▶ _Your objective_
Extract the first line through the line containing "SOLVED: Draw a" from the listing below, exactly as written.

>>>

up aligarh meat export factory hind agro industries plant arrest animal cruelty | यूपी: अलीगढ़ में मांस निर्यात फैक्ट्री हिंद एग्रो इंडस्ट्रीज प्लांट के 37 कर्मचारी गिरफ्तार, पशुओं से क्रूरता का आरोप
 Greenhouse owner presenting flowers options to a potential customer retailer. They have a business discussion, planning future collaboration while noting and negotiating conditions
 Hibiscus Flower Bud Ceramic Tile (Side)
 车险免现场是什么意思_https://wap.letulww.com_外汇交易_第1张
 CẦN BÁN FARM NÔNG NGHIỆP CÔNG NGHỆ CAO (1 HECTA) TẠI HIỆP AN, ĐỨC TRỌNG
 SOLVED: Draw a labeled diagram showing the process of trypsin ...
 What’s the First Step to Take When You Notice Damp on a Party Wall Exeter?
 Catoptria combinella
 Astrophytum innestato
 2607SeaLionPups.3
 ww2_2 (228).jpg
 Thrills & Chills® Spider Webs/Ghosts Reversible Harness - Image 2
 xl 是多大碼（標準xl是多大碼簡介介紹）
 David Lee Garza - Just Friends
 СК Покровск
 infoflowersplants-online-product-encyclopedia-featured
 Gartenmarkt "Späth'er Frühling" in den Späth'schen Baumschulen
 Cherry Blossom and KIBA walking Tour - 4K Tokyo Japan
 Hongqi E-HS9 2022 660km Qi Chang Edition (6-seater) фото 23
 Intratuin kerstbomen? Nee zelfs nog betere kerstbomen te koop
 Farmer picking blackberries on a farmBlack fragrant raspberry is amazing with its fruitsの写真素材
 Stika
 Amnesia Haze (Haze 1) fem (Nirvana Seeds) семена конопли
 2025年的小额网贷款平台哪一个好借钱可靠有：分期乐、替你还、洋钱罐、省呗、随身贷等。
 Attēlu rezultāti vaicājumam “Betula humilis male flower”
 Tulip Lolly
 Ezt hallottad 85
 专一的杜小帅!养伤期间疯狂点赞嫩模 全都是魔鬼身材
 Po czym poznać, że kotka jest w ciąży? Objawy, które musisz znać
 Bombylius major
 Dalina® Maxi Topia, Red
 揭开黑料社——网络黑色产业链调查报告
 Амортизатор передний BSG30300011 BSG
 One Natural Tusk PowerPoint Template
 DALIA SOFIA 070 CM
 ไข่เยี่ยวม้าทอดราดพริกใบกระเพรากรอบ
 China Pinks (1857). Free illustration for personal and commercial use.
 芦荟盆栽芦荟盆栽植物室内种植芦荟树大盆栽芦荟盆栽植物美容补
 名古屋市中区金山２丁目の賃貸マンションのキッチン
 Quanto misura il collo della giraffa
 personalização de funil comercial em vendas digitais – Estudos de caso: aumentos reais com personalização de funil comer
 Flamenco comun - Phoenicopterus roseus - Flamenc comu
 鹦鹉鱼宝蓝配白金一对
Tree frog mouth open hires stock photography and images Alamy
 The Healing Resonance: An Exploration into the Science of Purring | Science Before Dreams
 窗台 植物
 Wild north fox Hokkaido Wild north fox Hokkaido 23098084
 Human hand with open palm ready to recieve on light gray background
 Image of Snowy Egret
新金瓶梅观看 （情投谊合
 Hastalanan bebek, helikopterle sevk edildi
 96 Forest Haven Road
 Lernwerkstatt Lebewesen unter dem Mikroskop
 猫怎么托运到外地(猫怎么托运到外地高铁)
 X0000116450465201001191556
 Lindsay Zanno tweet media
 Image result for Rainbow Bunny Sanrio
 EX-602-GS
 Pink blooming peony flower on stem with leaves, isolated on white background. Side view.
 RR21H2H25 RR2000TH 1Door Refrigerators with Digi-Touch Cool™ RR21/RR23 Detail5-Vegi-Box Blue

<<<

▶ _Written answer_
up aligarh meat export factory hind agro industries plant arrest animal cruelty | यूपी: अलीगढ़ में मांस निर्यात फैक्ट्री हिंद एग्रो इंडस्ट्रीज प्लांट के 37 कर्मचारी गिरफ्तार, पशुओं से क्रूरता का आरोप
 Greenhouse owner presenting flowers options to a potential customer retailer. They have a business discussion, planning future collaboration while noting and negotiating conditions
 Hibiscus Flower Bud Ceramic Tile (Side)
 车险免现场是什么意思_https://wap.letulww.com_外汇交易_第1张
 CẦN BÁN FARM NÔNG NGHIỆP CÔNG NGHỆ CAO (1 HECTA) TẠI HIỆP AN, ĐỨC TRỌNG
 SOLVED: Draw a labeled diagram showing the process of trypsin ...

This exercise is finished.